THE TASK:
Would you copy exactly the lines in the data below from the one that has "Elena House Appartement" through the one that has "Sonda lambda Audi A4 B7 2007 Break 2.0 t", dropping any pictures?

PROVIDED INFORMATION:
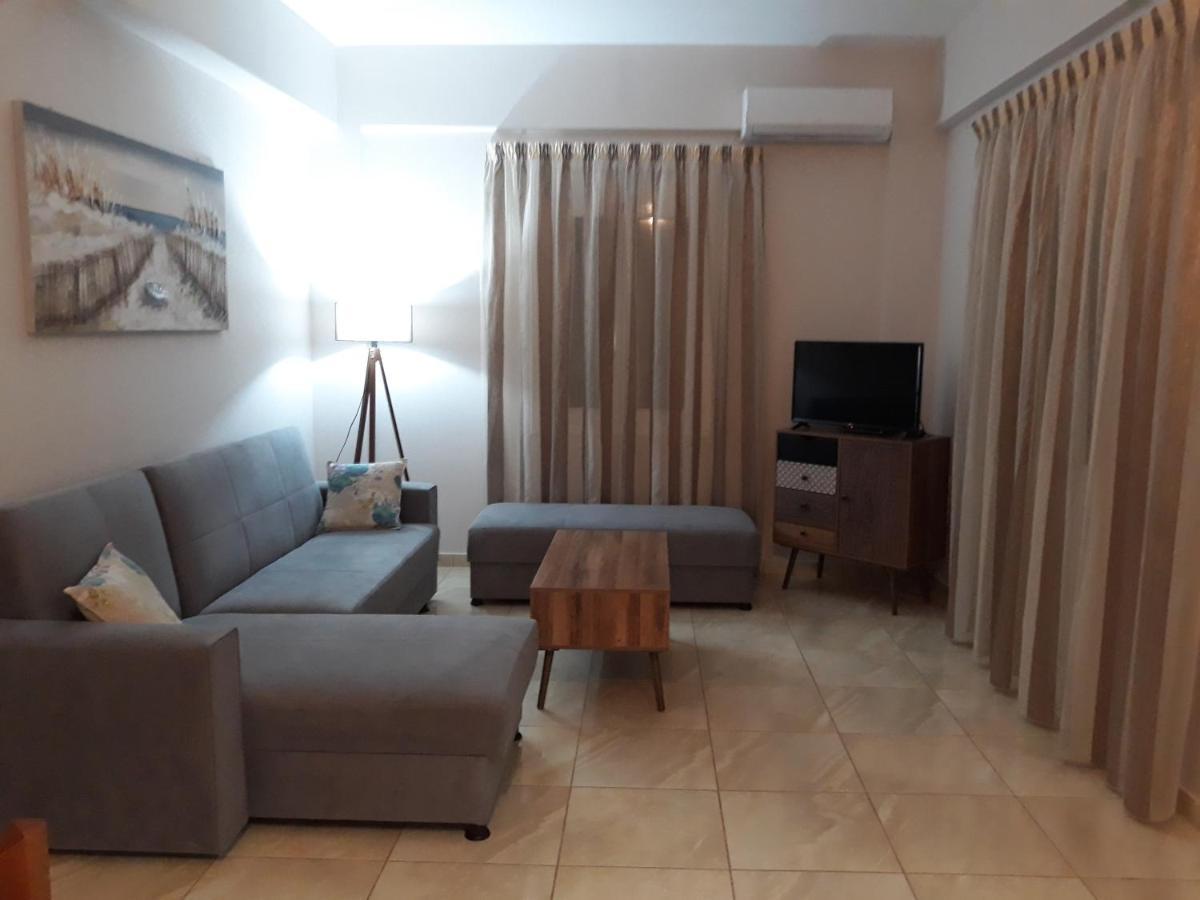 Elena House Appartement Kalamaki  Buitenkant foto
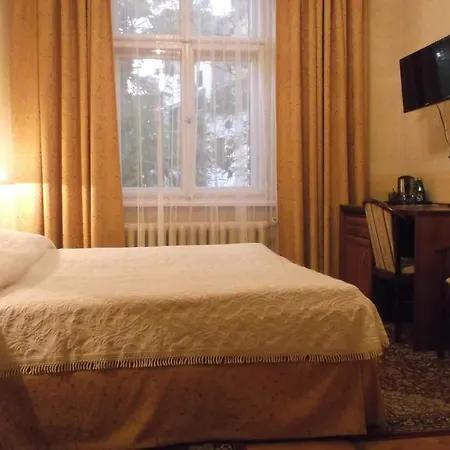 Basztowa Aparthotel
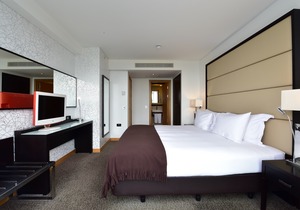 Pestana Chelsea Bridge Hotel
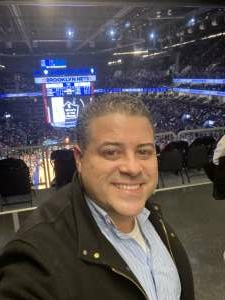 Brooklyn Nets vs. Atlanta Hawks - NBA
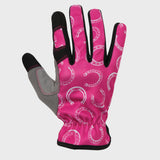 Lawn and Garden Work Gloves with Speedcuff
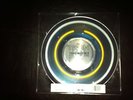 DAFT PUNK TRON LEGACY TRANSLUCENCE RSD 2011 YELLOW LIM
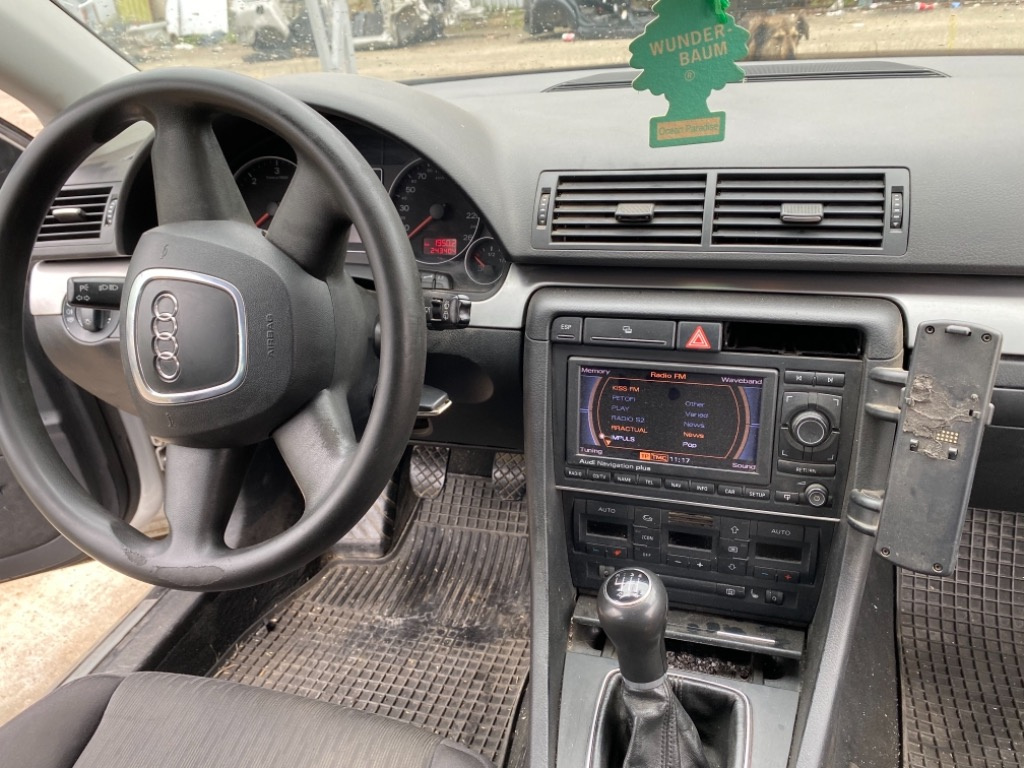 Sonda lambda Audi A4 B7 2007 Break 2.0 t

* * *

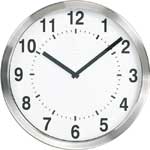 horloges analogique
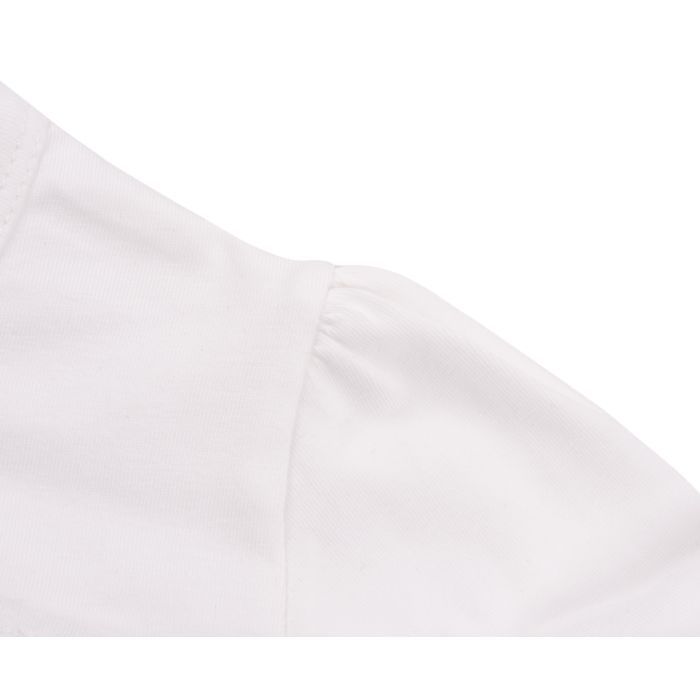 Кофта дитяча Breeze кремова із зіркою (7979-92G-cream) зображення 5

OUTPUT BELOW:
 Elena House Appartement Kalamaki  Buitenkant foto
 Basztowa Aparthotel
 Pestana Chelsea Bridge Hotel
 Brooklyn Nets vs. Atlanta Hawks - NBA
 Lawn and Garden Work Gloves with Speedcuff
 DAFT PUNK TRON LEGACY TRANSLUCENCE RSD 2011 YELLOW LIM
 Sonda lambda Audi A4 B7 2007 Break 2.0 t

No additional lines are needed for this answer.